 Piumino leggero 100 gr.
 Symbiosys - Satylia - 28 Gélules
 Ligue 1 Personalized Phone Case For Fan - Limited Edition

*What is needed*
Could you set down every line above exactly as written?

*Solved exercise*
 Piumino leggero 100 gr.
 Symbiosys - Satylia - 28 Gélules
 Ligue 1 Personalized Phone Case For Fan - Limited Edition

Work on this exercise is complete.